Hatırladığım kadarıyla o dönemde sadece biz değil, Galatasaray da aynı çizgideydi. Hatta iki tane büyük kulübün küme düşmeleri söz konusuydu o dönem için. Düşme yerine ligdeki takım sayısını artırma yoluna gidilmişti. Bu işler o zamandan başlayan Efes Pilsen ve Eczacıbaşı’nın devreye girdiği, işin profesyonelliğine yeni adım atılmış yıllardı. Bu iş bir de ekonomi işi yani, yabancı getireceksiniz, Amerikalı getireceksiniz, büyük paralar vereceksiniz.
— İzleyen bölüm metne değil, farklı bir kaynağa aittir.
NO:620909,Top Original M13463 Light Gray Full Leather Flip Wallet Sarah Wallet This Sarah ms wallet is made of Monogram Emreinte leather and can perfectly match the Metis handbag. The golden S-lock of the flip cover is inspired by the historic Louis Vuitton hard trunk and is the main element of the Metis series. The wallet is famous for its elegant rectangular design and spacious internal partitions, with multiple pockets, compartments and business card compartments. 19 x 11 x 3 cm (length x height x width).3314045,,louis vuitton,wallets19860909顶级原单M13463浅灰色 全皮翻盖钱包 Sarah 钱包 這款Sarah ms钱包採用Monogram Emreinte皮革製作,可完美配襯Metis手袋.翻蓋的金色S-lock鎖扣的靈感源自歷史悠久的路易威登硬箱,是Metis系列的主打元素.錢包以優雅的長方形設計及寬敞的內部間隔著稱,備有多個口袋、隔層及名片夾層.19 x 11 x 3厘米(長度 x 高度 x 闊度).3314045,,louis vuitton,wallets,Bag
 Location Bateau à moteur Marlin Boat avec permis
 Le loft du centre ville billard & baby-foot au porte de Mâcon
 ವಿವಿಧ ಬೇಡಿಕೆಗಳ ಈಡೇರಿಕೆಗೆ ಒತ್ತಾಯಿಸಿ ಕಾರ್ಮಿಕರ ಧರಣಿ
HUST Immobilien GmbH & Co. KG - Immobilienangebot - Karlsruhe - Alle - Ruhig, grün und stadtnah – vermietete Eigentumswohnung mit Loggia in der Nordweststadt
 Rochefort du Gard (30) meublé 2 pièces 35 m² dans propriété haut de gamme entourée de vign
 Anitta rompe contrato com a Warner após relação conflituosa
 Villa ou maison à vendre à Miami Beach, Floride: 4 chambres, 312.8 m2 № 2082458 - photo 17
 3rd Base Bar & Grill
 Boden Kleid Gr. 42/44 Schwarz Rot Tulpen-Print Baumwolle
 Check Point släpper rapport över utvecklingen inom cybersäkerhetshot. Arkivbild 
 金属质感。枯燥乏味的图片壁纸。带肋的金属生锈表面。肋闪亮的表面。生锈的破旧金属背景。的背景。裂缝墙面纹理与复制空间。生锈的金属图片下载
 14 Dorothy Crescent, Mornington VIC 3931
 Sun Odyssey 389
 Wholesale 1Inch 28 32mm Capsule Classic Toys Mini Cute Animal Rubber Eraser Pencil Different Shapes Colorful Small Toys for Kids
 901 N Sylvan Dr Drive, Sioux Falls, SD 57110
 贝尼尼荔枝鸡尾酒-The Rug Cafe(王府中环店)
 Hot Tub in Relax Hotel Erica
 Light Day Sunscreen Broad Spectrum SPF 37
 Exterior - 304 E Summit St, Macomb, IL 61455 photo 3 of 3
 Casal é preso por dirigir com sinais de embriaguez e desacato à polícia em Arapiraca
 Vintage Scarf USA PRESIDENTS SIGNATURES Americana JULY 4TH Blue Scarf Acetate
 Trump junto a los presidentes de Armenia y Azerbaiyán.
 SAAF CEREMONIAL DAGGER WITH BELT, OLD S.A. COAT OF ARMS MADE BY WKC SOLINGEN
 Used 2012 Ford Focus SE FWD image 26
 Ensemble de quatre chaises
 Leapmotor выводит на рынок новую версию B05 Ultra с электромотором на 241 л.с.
O dönem Fenerbahçe de kendi altyapısını kullanarak belli bir seviyede basketbolcularla süreci götürmeye çalışan bir durumdaydı.

- İkinci sezonunuz olan 1982-83 sezonunda, dönemin başkanı sayın Ali Şen’in iyi bir takım kurduğunu söyleyebiliriz. Çok iyi bir sezon geçiren Fenerbahçe yıllar sonra şampiyonluk mücadelesi veriyor, takımın geleceğinden umutlu olan ve tribündeki sayıları bir anda kat kat artan taraftarlarımız salonlara sığmıyordu. Takımımız Kırmızı Grup’un yenilgisiz lideri olsa da, Final Grubu’nda kaybettiği maçlar nedeniyle lig ikinciliğinde kaldı. Bize bu sezonu, Spor Sergi atmosferini ve Fenerbahçe tribünlerini anlatmanız mümkün müdür Yıldıray Ağabey?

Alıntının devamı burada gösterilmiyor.